(Caption-style text data)
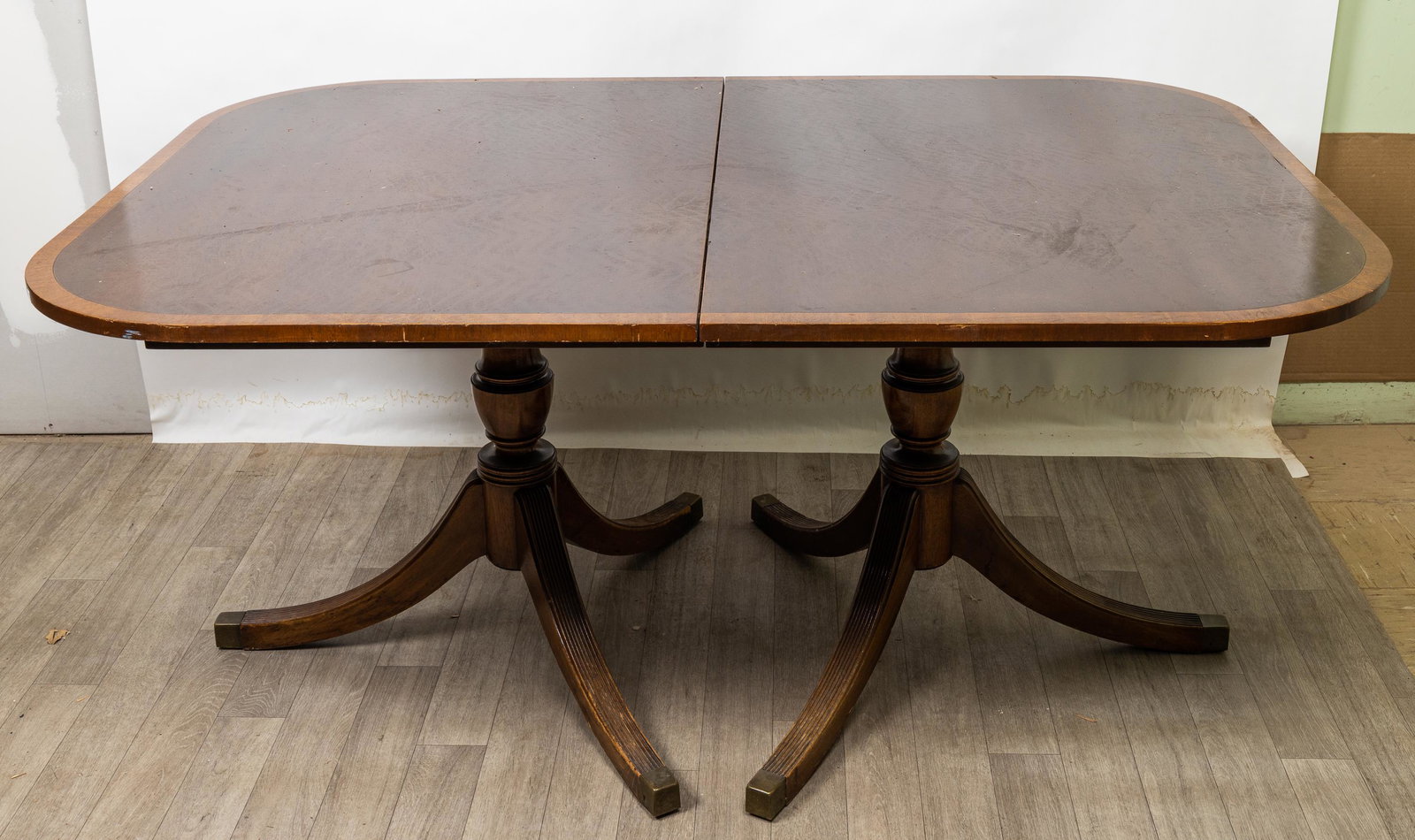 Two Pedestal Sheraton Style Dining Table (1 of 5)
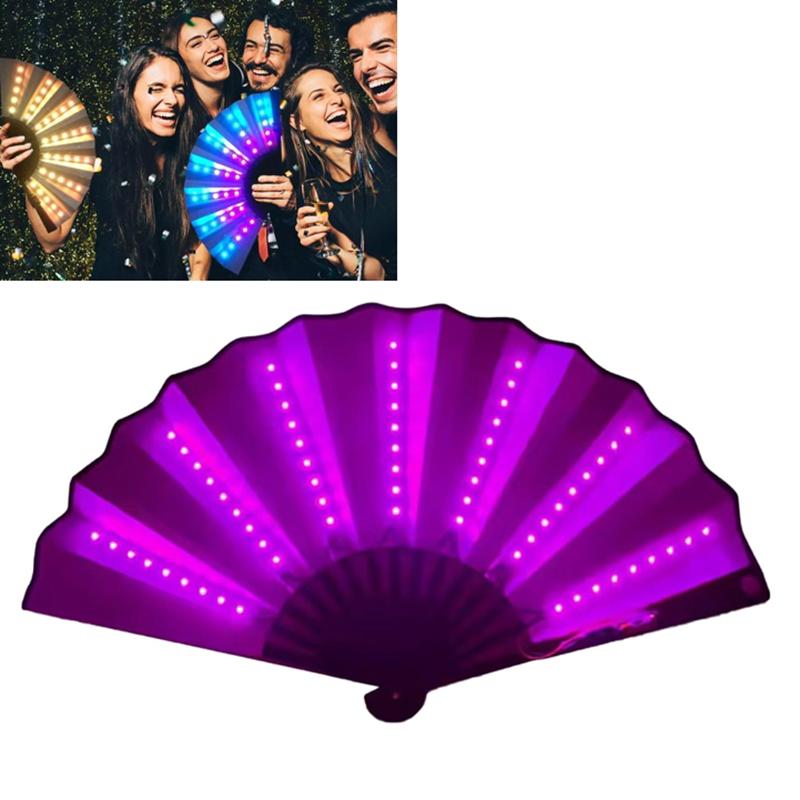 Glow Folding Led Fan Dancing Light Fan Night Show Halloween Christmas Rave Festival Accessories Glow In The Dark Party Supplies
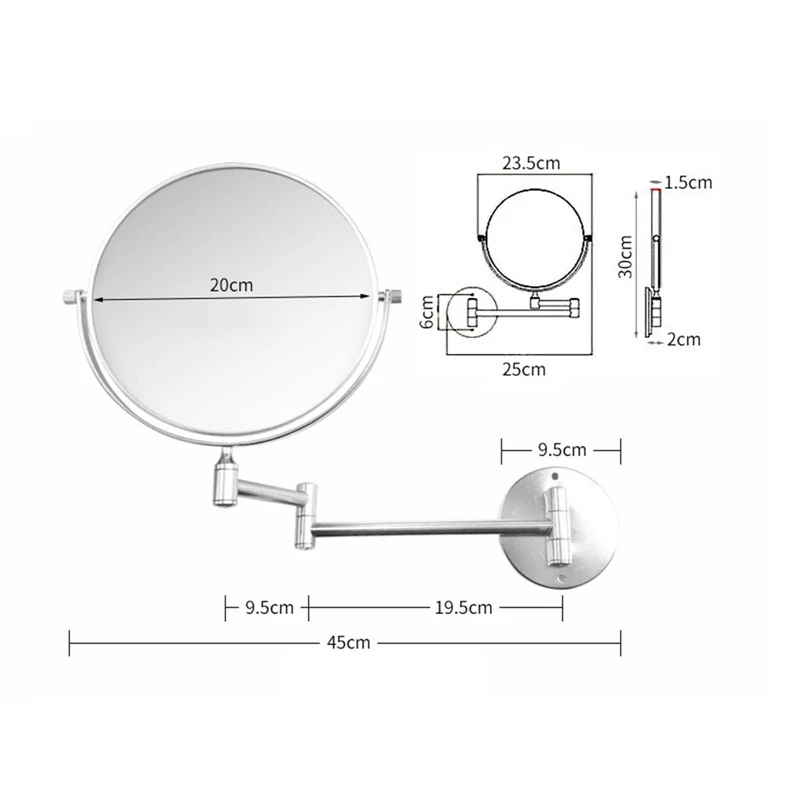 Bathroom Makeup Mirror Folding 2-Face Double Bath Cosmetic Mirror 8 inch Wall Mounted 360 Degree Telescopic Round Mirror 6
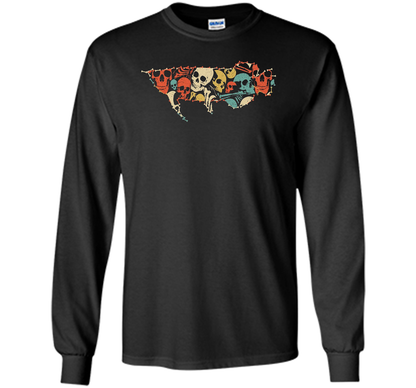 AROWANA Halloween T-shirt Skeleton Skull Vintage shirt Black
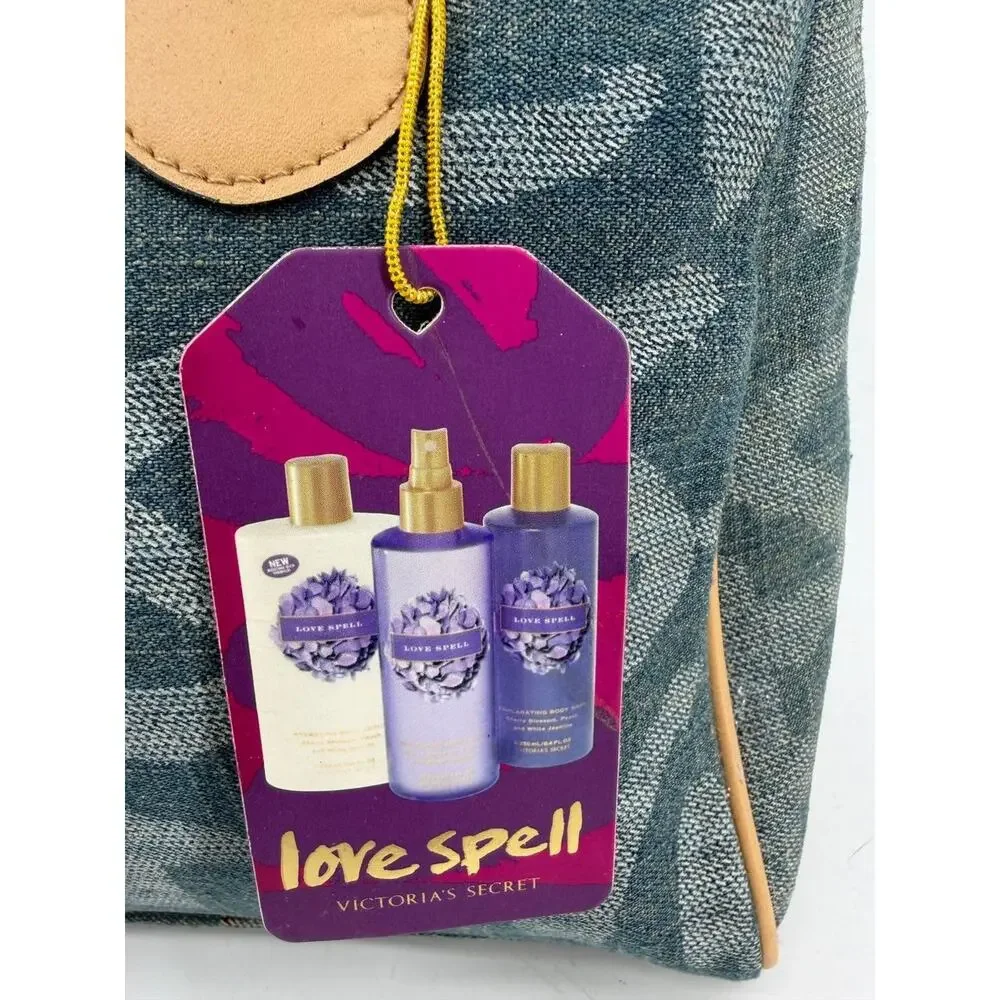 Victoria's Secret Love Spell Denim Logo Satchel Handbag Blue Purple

### WORK TASK
The records above are to be repeated exactly, with the pictures left out.

### WRITTEN RESPONSE
 Two Pedestal Sheraton Style Dining Table (1 of 5)
 Glow Folding Led Fan Dancing Light Fan Night Show Halloween Christmas Rave Festival Accessories Glow In The Dark Party Supplies
 Bathroom Makeup Mirror Folding 2-Face Double Bath Cosmetic Mirror 8 inch Wall Mounted 360 Degree Telescopic Round Mirror 6
 AROWANA Halloween T-shirt Skeleton Skull Vintage shirt Black
 Victoria's Secret Love Spell Denim Logo Satchel Handbag Blue Purple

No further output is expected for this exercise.